▶ _What is expected_
Taking the line with "249 Delawanna Avenue Clifton NJ 07014" as the first, copy every line through the end of the records below exactly. Do not include pictures.

▶ _Short descriptive text snippets_
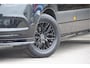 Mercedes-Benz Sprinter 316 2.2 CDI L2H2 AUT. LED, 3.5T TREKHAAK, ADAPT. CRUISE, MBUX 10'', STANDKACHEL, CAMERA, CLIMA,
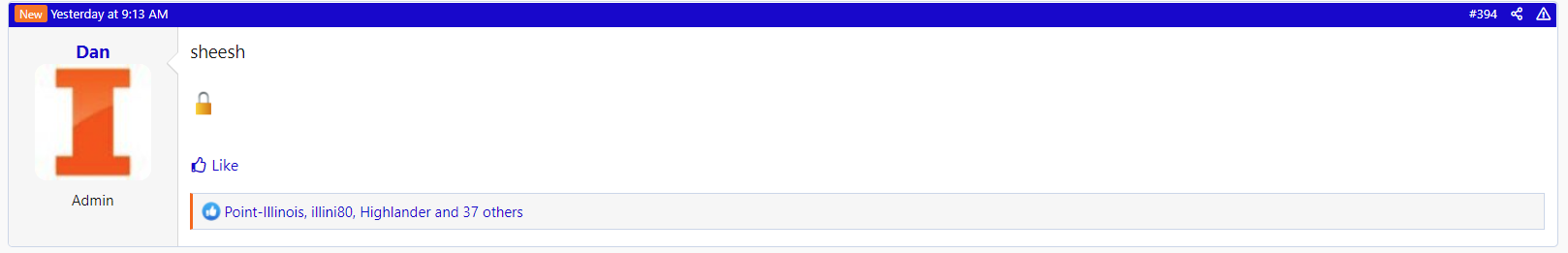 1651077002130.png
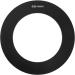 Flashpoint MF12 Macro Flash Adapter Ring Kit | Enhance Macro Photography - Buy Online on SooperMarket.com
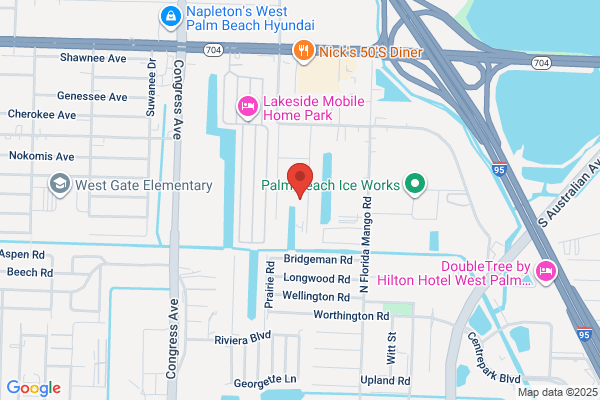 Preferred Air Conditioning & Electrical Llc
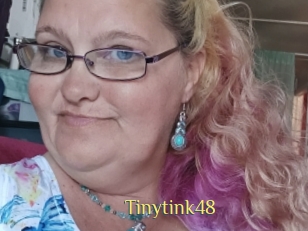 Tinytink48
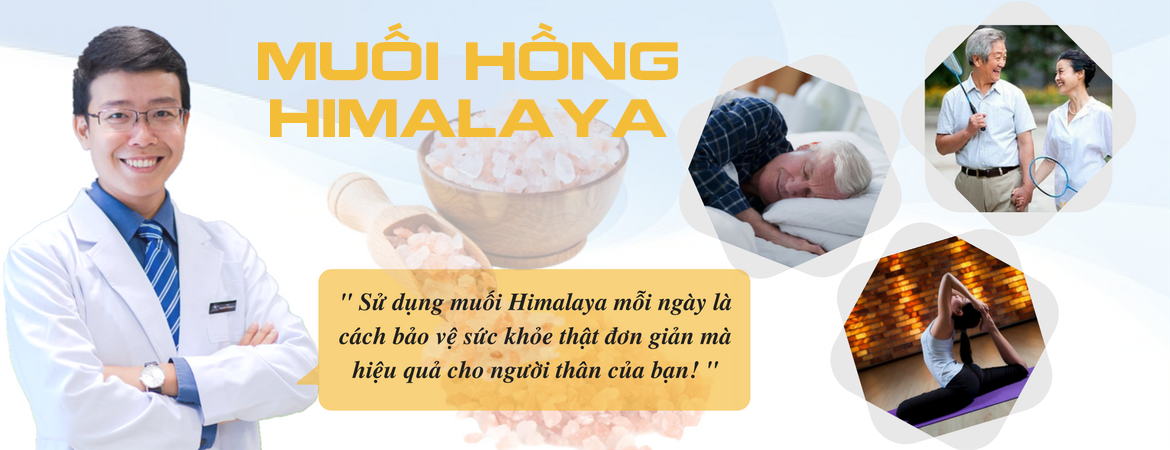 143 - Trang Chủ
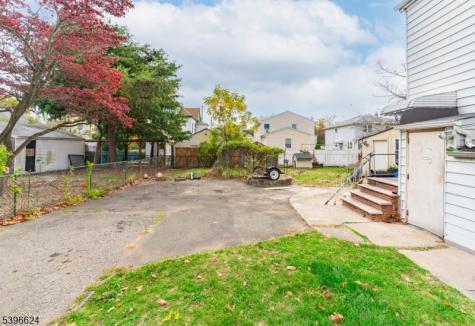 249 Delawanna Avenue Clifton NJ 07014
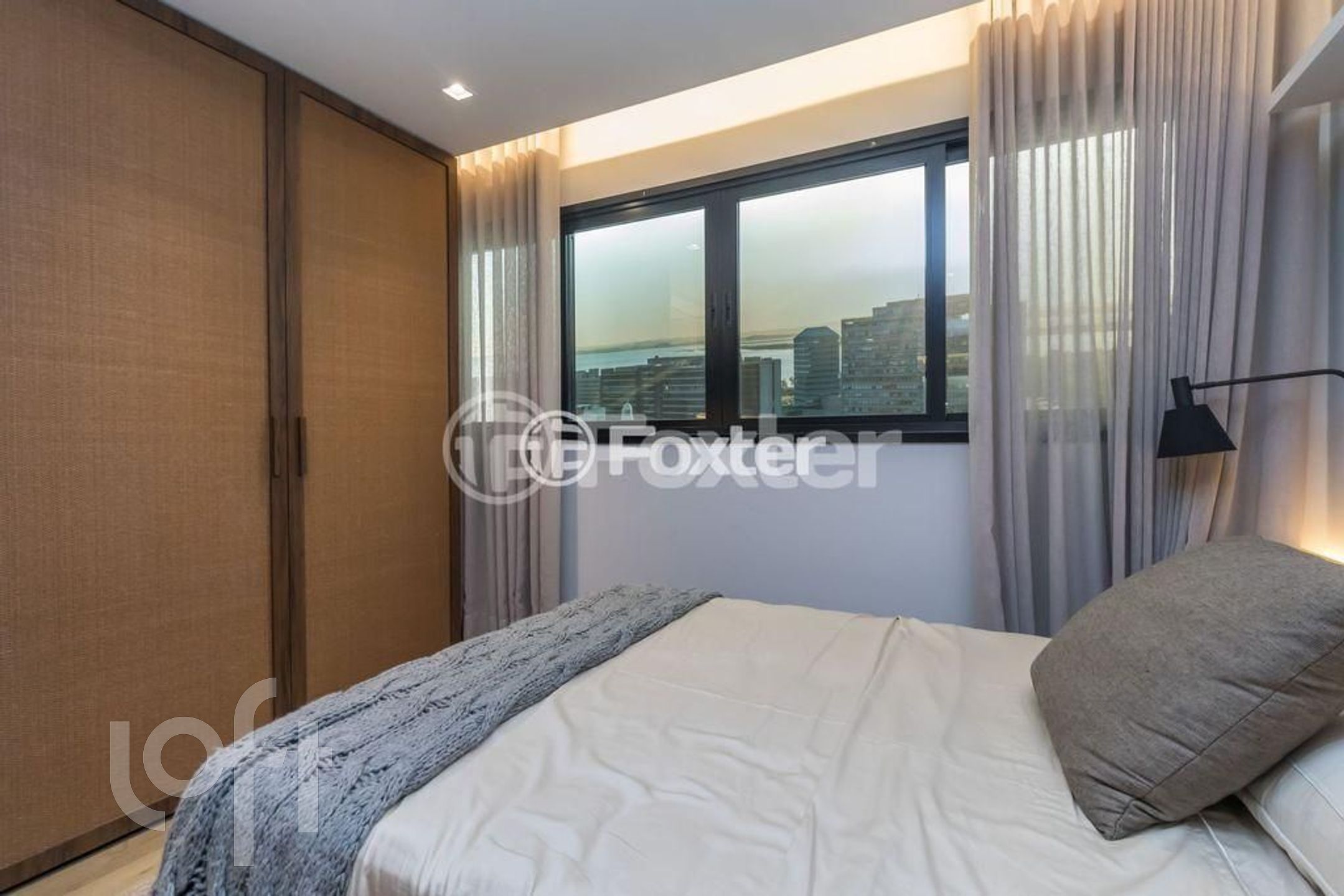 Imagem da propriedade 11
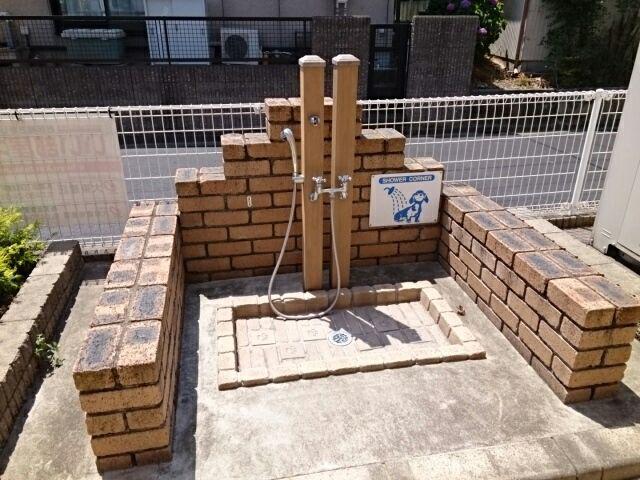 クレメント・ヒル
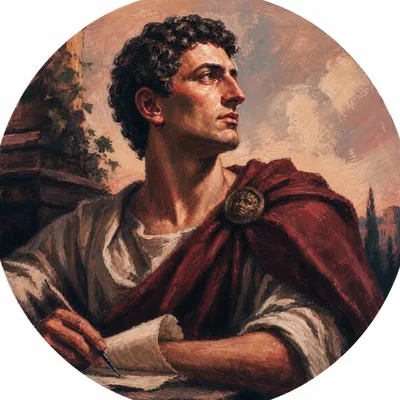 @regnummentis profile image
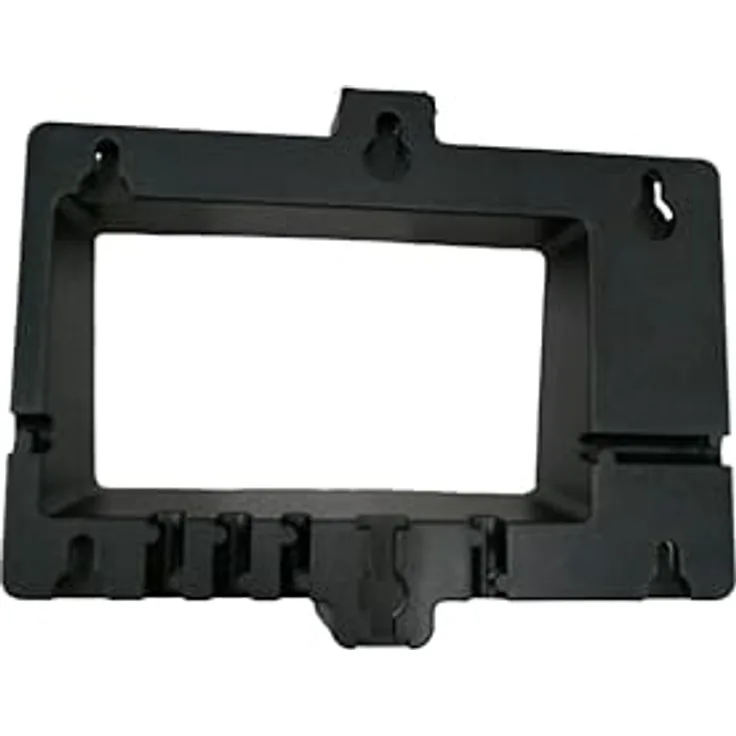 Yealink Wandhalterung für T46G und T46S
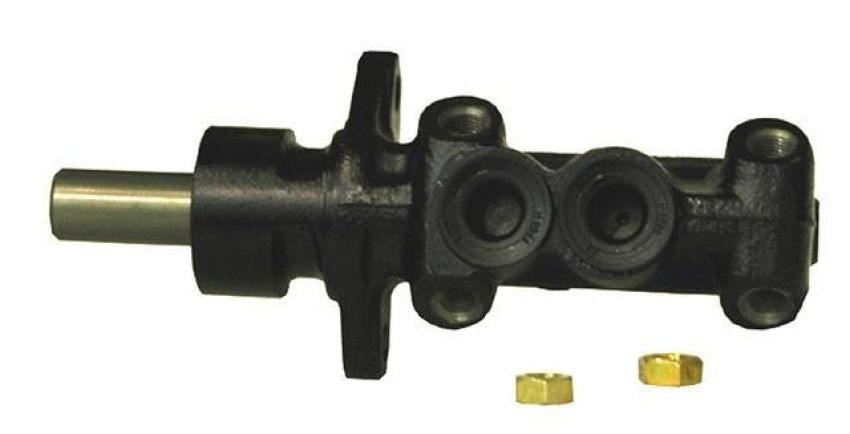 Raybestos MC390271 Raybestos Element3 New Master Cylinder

▶ _Answer to the exercise_
 249 Delawanna Avenue Clifton NJ 07014
 Imagem da propriedade 11
 クレメント・ヒル
 @regnummentis profile image
 Yealink Wandhalterung für T46G und T46S
 Raybestos MC390271 Raybestos Element3 New Master Cylinder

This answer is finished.